Tech News
← Back to articles

Detecting Dementia Using Lexical Analysis: Terry Pratchett's Discworld

read original related products more articles

1. Introduction

Dementia is an umbrella term for a range of conditions involving neurodegeneration or other aetiologies that result in significant cognitive decline, the most common of which is Alzheimer’s disease [ 1 ]. The cognitive decline observed in people with Alzheimer’s disease involves the gradual accumulation of toxic amyloid-beta and tau proteins causing neuronal damage [ 2 ], so identifying those people with signs of Alzheimer’s-related cognitive decline as early as possible would enable interventions to be utilised to delay or even prevent some of the damage. People with dementia may first notice they have an issue when they experience increased episodes of confusion or issues with memory or language (e.g., [ 3 ]). However, Alzheimer’s pathology likely begins many years and perhaps decades before the onset of symptoms [ 4 ]. Indeed, research has shown that there are earlier warning signs of dementia which may be too subtle for a patient to be aware of, for example, problems with attention (e.g., [ 5 ]). Further, research suggests that it is currently possible to predict who will experience dementia 12 years prior to formal diagnosis [ 6 ]. Therefore, it may be possible to identify at-risk people before their cognitive decline worsens.

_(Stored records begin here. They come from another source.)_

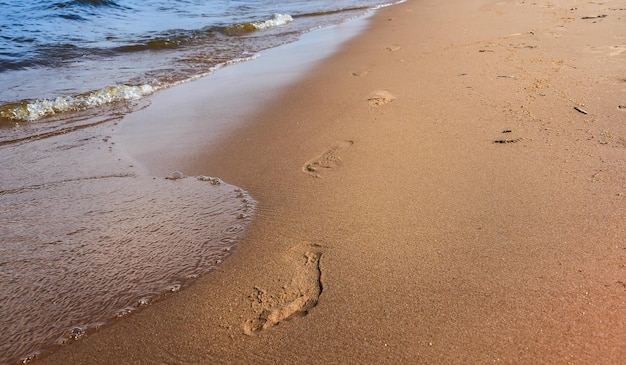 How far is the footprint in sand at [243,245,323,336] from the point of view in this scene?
1.71 m

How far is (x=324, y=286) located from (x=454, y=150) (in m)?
1.56

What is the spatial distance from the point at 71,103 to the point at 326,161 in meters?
3.66

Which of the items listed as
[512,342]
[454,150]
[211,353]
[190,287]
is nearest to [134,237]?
[190,287]

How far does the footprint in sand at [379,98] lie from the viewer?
407 cm

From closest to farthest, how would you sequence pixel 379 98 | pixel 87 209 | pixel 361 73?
pixel 87 209
pixel 379 98
pixel 361 73

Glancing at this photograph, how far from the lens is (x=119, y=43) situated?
9.04 metres

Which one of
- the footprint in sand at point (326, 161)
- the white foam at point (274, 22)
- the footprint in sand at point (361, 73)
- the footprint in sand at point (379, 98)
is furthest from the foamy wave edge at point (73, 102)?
the white foam at point (274, 22)

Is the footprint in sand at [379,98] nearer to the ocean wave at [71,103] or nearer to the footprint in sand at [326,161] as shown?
the footprint in sand at [326,161]

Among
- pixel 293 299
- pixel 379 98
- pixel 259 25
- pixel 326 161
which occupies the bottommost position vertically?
pixel 293 299

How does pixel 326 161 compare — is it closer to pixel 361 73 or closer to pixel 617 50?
pixel 361 73

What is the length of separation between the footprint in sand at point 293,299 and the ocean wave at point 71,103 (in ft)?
13.9

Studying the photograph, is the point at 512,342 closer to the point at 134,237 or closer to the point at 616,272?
the point at 616,272

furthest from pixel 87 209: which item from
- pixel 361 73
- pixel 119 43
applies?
pixel 119 43

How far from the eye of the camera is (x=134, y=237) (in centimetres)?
235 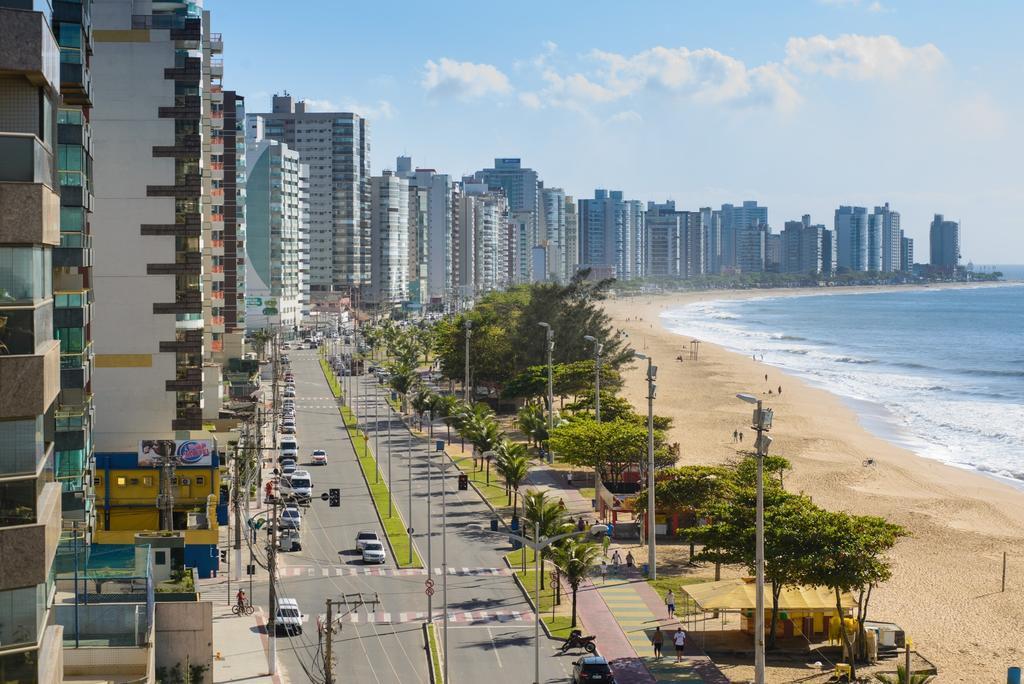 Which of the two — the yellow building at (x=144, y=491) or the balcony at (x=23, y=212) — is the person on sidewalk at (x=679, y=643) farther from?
the balcony at (x=23, y=212)

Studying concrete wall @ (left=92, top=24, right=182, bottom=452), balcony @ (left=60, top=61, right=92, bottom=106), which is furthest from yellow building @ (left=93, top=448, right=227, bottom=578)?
balcony @ (left=60, top=61, right=92, bottom=106)

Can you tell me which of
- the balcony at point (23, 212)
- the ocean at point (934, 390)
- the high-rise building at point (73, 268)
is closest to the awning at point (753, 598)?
the high-rise building at point (73, 268)

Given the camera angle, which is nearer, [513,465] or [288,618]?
[288,618]

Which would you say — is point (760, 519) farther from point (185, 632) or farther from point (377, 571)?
point (377, 571)

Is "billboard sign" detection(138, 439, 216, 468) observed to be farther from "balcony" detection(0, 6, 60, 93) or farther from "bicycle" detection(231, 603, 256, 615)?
"balcony" detection(0, 6, 60, 93)

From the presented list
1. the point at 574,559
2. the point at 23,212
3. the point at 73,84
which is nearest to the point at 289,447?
the point at 574,559

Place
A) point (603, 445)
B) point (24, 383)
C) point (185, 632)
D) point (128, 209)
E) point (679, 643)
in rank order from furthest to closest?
point (603, 445), point (128, 209), point (679, 643), point (185, 632), point (24, 383)
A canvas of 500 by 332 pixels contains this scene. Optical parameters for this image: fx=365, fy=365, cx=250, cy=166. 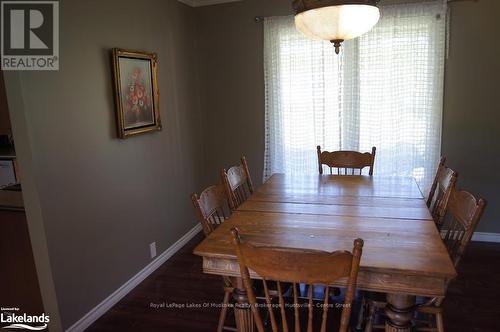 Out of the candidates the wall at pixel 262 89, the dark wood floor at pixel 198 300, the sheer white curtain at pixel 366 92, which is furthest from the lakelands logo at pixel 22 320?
the sheer white curtain at pixel 366 92

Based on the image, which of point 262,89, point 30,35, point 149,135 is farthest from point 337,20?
point 262,89

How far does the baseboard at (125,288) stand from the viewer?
7.46 ft

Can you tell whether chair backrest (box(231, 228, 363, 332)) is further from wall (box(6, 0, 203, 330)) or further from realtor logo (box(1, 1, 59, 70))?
realtor logo (box(1, 1, 59, 70))

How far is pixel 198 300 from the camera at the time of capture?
255cm

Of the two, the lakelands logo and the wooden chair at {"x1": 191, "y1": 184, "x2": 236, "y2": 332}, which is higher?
the wooden chair at {"x1": 191, "y1": 184, "x2": 236, "y2": 332}

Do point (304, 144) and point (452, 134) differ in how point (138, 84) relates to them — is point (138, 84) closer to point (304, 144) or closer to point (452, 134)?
point (304, 144)

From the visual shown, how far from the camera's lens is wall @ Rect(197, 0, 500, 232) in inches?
119

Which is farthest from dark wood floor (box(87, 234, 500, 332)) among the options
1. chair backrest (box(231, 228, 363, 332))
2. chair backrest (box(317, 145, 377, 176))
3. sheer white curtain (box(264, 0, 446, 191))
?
chair backrest (box(231, 228, 363, 332))

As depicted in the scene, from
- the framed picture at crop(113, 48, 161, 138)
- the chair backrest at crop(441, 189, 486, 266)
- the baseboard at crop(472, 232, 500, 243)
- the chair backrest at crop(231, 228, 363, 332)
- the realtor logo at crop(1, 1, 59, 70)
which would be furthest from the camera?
the baseboard at crop(472, 232, 500, 243)

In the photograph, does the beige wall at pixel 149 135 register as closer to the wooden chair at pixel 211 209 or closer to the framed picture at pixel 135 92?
the framed picture at pixel 135 92

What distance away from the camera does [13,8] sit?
73.0 inches

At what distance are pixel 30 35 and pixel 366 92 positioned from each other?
258 cm

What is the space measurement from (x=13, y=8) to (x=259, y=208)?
1.65 metres

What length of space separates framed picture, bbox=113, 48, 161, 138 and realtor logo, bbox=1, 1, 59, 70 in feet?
1.55
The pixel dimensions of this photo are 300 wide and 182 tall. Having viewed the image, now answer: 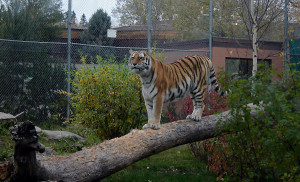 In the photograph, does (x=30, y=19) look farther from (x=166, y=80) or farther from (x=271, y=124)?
(x=271, y=124)

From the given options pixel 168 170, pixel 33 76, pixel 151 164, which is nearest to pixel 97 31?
pixel 33 76

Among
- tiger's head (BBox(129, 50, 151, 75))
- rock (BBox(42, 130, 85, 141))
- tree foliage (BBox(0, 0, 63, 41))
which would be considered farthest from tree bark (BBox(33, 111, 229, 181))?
tree foliage (BBox(0, 0, 63, 41))

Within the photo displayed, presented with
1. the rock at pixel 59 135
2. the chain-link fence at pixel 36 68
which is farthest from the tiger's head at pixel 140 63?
the rock at pixel 59 135

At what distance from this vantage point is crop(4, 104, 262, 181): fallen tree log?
13.3ft

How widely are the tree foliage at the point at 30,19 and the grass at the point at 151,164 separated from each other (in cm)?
306

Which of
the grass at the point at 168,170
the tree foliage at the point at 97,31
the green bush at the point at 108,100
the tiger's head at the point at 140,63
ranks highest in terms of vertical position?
the tree foliage at the point at 97,31

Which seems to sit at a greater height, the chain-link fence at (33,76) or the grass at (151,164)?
the chain-link fence at (33,76)

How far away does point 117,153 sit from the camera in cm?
466

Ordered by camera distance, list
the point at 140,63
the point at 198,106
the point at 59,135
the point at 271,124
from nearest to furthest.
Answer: the point at 271,124, the point at 140,63, the point at 198,106, the point at 59,135

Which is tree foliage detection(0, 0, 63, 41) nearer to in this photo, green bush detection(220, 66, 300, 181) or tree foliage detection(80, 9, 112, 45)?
tree foliage detection(80, 9, 112, 45)

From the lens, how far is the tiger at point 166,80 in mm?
5621

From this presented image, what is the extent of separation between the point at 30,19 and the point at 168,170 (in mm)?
5892

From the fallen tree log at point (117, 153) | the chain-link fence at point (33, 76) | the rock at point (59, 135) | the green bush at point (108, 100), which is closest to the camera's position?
the fallen tree log at point (117, 153)

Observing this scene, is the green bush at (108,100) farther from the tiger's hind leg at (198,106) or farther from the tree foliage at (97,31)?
Answer: the tree foliage at (97,31)
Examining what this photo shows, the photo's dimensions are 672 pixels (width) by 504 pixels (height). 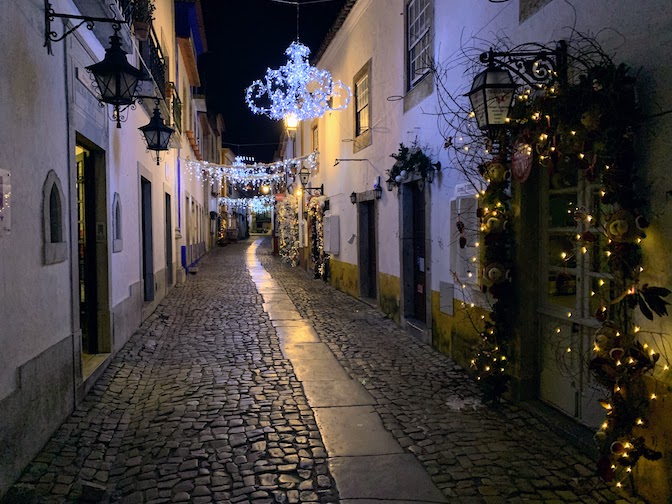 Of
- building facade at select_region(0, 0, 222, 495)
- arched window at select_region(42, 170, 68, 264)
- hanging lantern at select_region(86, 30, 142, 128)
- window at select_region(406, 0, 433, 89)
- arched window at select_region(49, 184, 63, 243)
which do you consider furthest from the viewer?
window at select_region(406, 0, 433, 89)

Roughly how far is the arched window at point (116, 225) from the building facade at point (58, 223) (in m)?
0.01

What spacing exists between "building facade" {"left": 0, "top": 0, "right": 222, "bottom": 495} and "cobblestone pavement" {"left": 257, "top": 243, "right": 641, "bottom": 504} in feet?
9.56

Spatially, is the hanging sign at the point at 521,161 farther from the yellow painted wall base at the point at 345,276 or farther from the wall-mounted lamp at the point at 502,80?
the yellow painted wall base at the point at 345,276

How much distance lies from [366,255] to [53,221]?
25.8 ft

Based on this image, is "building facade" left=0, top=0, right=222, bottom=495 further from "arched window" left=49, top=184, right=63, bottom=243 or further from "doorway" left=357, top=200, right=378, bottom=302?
"doorway" left=357, top=200, right=378, bottom=302

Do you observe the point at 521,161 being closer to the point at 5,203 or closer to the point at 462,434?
the point at 462,434

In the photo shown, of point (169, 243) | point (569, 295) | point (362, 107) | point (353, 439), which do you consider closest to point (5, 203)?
point (353, 439)

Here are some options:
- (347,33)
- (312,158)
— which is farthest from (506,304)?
(312,158)

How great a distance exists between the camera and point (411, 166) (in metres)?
8.01

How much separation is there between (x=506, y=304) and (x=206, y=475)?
3.17m

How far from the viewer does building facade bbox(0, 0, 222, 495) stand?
12.4 ft

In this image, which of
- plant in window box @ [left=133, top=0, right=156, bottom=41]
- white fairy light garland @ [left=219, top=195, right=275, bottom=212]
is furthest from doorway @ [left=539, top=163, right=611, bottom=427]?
white fairy light garland @ [left=219, top=195, right=275, bottom=212]

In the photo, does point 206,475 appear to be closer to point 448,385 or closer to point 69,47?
point 448,385

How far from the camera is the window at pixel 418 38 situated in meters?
7.89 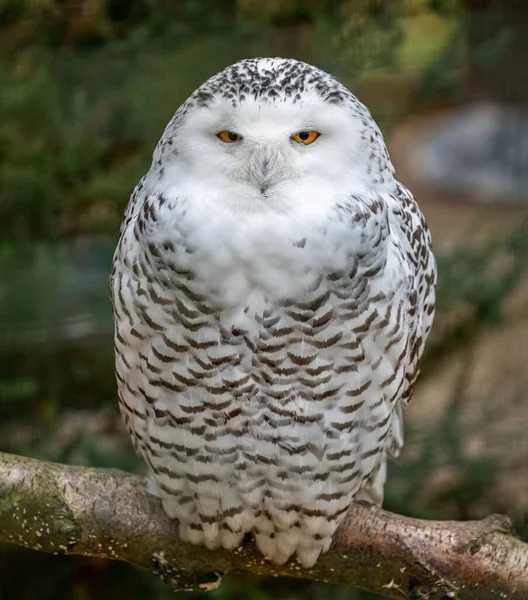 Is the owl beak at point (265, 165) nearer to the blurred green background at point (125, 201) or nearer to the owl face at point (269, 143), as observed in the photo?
the owl face at point (269, 143)

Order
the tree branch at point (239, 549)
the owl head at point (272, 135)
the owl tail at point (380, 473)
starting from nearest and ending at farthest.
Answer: the owl head at point (272, 135) → the tree branch at point (239, 549) → the owl tail at point (380, 473)

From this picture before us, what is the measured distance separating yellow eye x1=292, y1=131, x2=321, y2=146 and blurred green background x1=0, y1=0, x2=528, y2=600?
1.44 m

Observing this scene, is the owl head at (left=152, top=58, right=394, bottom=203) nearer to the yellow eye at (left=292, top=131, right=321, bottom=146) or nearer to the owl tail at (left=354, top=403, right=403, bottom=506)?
the yellow eye at (left=292, top=131, right=321, bottom=146)

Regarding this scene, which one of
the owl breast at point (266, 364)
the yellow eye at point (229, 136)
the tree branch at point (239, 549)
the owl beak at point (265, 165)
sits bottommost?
the tree branch at point (239, 549)

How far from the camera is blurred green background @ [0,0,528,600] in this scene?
2.71 meters

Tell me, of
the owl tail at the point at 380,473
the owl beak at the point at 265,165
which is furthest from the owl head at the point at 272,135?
the owl tail at the point at 380,473

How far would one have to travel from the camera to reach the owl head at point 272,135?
1.29 meters

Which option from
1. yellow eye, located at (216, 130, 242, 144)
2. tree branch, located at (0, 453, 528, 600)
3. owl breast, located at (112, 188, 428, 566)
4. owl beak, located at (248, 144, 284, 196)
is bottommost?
tree branch, located at (0, 453, 528, 600)

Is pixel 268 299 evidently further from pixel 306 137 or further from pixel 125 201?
pixel 125 201

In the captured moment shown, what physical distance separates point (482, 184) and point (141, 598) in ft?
12.1

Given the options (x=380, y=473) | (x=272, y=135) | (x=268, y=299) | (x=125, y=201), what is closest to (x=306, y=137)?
(x=272, y=135)

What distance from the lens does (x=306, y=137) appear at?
4.35 ft

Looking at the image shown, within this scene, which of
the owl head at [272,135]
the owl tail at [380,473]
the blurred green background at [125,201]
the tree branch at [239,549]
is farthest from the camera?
the blurred green background at [125,201]

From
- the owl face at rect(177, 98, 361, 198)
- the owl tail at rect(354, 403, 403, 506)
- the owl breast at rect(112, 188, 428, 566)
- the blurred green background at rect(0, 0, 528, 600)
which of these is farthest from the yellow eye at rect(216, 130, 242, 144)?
the blurred green background at rect(0, 0, 528, 600)
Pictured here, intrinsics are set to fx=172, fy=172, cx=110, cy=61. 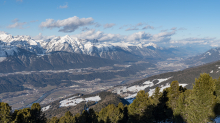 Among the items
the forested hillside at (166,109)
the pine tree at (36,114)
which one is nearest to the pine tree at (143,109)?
the forested hillside at (166,109)

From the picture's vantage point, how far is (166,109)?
68.7 metres

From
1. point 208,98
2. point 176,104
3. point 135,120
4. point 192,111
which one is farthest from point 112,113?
point 208,98

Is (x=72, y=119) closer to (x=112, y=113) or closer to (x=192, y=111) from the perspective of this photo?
(x=112, y=113)

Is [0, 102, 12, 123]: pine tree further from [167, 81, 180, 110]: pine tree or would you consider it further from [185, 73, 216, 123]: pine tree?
[167, 81, 180, 110]: pine tree

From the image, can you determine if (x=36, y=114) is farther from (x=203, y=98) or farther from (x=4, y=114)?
(x=203, y=98)

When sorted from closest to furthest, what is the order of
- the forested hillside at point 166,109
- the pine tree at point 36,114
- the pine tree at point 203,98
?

Dementia has an effect on both speech and writing (e.g., [ 7 , 8 ]); therefore, measuring the first signs of decline in these functions may provide an early biomarker for dementia. In early-stage Alzheimer’s, researchers have observed impairments in both producing and understanding words and sentences [ 9 ]. Therefore, by looking for changes in how someone uses language, then this may provide an early warning sign for dementia. The complexity of sentence structure, as measured by factors like the number of clauses per utterance, decreases with age in both spoken and written language [ 10 ]. Older adults struggle more with complex sentence structures, such as those with left-branching clauses, compared to younger adults [ 11 ].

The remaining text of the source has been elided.